Colin Grudzien: Reproducible scientific software development for predictability
Reproducible scientific software development for predictability
Mathematics and Statistics
Colin Grudzien, Ph.D. is currently an assistant professor in statistics. Grudzien received his Ph.D. in mathematics in 2016 from UNC Chapel Hill with a focus on applied dynamical systems. Prior to joining the faculty at the University of Nevada, Reno, Grudzien was a research assistant at Los Alamos National Laboratory, a postdoc at the Nansen Environmental and Remote Sensing Center in Norway and a visiting researcher at CEREA, a Joint Laboratory of École des Ponts ParisTech/EDF R&D. Grudzien’s research interests include Bayesian inference and uncertainty quantification in physical systems, and applications in modeling climate and the electric grid.
Grudzien is the faculty adviser for the Society for Industrial and Applied Mathematics (SIAM) student chapter at the University. SIAM as an organization is committed to inclusion in STEM and recognizes the strength that diverse perspectives bring to interdisciplinary science. Learn more about the University’s student chapter of SIAM.

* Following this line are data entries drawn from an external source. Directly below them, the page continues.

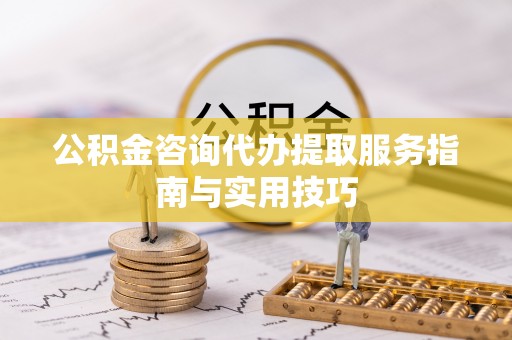猇亭公积金咨询代办提取服务指南与实用技巧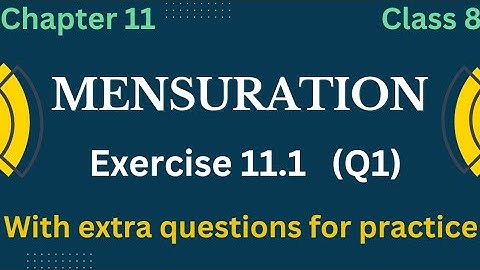 Exercise 11.1 Q1 ||  Mensuration  ||  NCERT Class 8 maths  || chapter 11 ||  CBSE  ||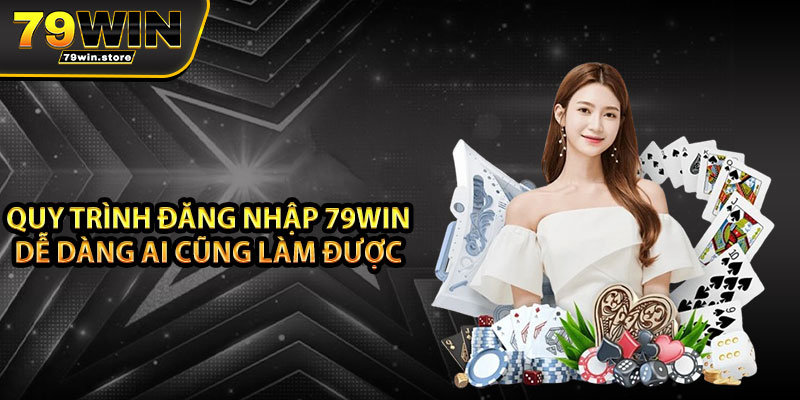 Quy trình đăng nhập 79win dễ dàng ai cũng làm được 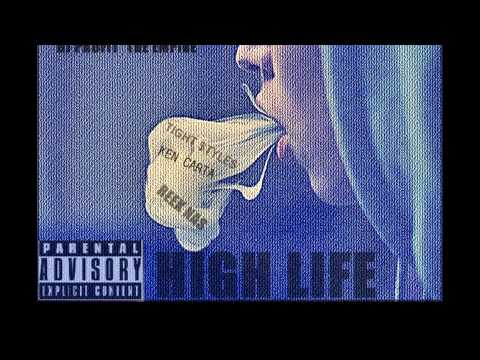 High Life By Tight $tyles Ft Ken Carta And Reek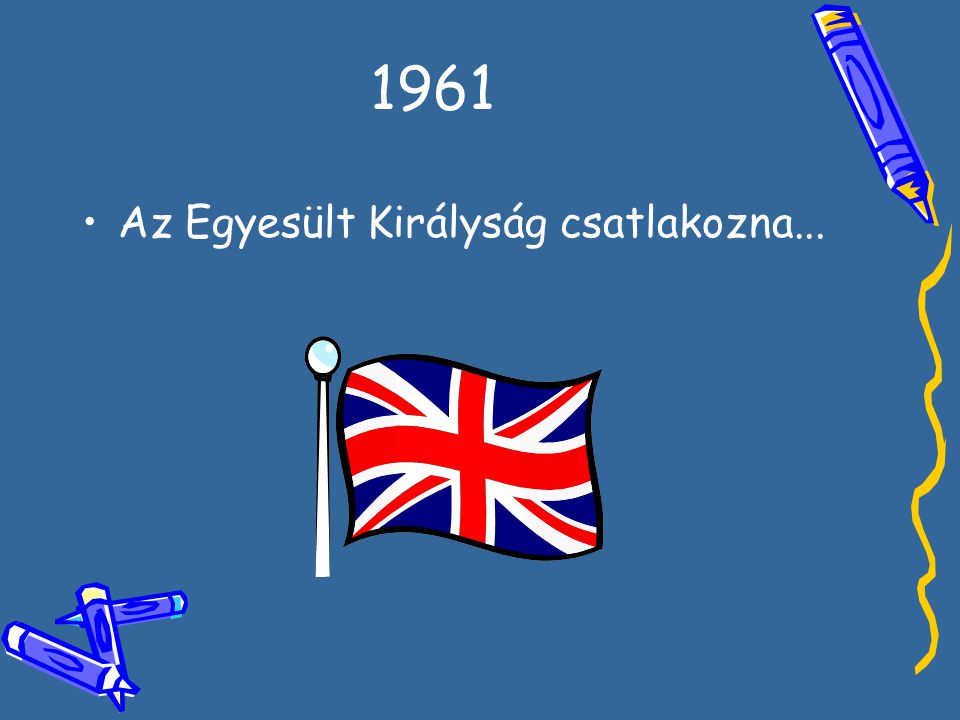 1961 •A•Az Egyesült Királyság csatlakozna...
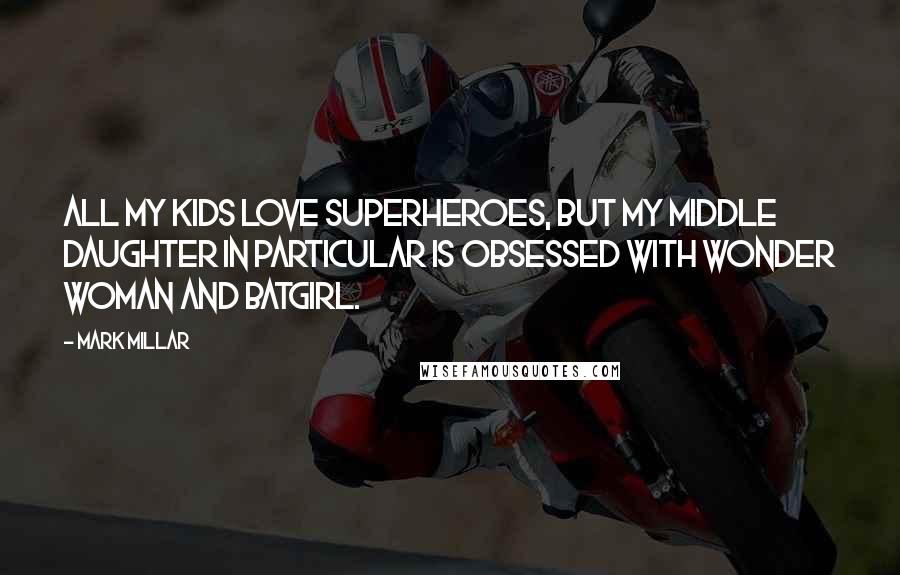 Mark Millar Quotes: All my kids love superheroes, but my middle daughter in particular is obsessed with Wonder Woman and Batgirl.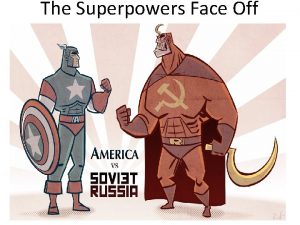 The Superpowers Face Off Allies Become Enemies Even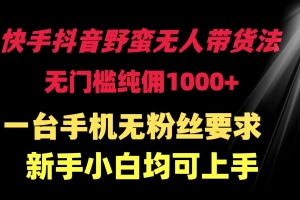 快手抖音野蛮无人带货法 无门槛纯佣1000+ 一台手机无粉丝要求新手小白…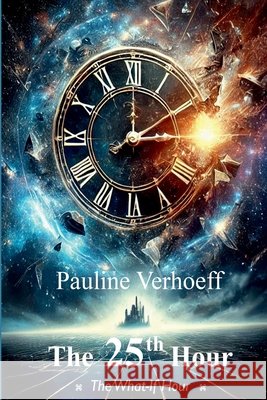 The 25th Hour Verhoeff, Pauline 9798295602962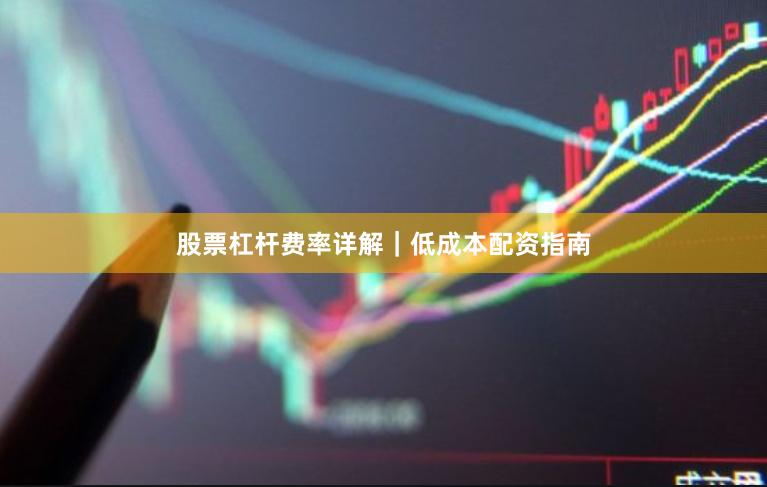 股票杠杆费率详解｜低成本配资指南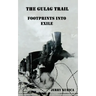 The Gulag Trail: Footprints into Exile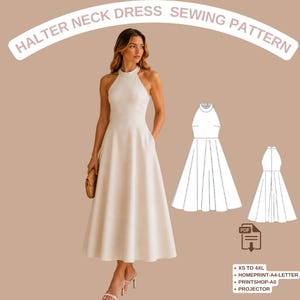 Puede incluir: Un patrón de costura para vestido con cuello halter con el texto HALTER NECK DRESS SEWING PATTERN, dos bocetos lineales blancos del vestido, un icono PDF y el texto XS TO 4XL, HOMEPRINT-A4-LETTER, PRINTSHOP-A0, PROJECTOR sobre fondo beige.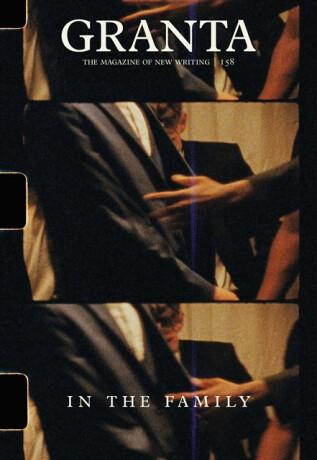 Granta 158: In the Family - Sigrid Rausing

In the fields of climate science and meteorology, the time-evolution of relevant variables such as temperature, pressure and humidity can be modeled with systems of equations from fluid and thermodynamics. In principle, knowing the "true" state of the atmosphere and the ocean, we can study how these states change in time as governed by these equations. However, the chaotic nature of weather means that even if the exact state of the atmosphere and ocean were known, minor simulation errors cause predictions to rapidly diverge from the true future-state. For this reason, and due to the inherent uncertainty in the initial states, numerical weather models are used to produce ensemble-forecasts to study the variability of the future weather. Ensemble-forecasts act like the replication of a laboratory experiment, where the numerical model is the laboratory for Earth's physics.
Because climate science and meteorology rely heavily on numerical models, it is critical to develop this numerical software in a reproducible, well-documented and transparent environment. Like with laboratory experiments, the credibility of the results of numerical simulations lies in the rigor of the experimental design and the reproducibility of the results. The complexity of these simulations also demands that the software is developed for performance and efficiency, and benchmarking code is also a critical element in the development of robust scientific software.

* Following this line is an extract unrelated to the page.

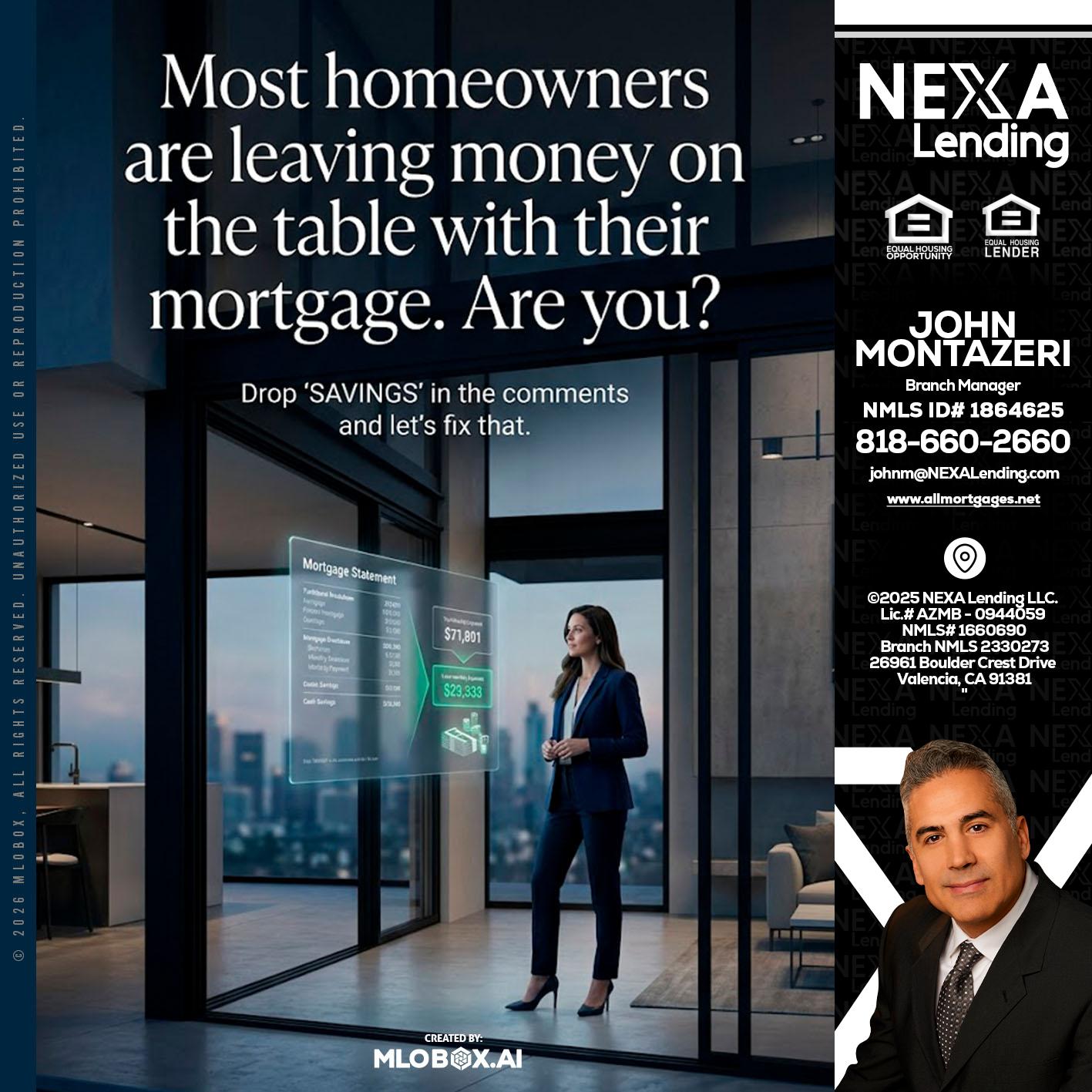 MOST OWNERS - John Montazeri -Branch Manager - Property Lending Specialist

The goal of this project is to mentor the student on scientific software development so that they can contribute to an active research code base, studying statistical aspects of predictability in physical systems. The student will perform the following in the course of the project:
- the student will learn to use the BASH command line interface and to perform networked computing on servers;
- the student will learn to write, debug and benchmark simulation scripts in one or more open-source programming language such as Python, Julia or R;
- the student will learn to maintain a reproducible software development environment in Github;
- the student will learn to present their results using a modern Markup language.
Background experience for the project including introductory computer science and calculus is preferred.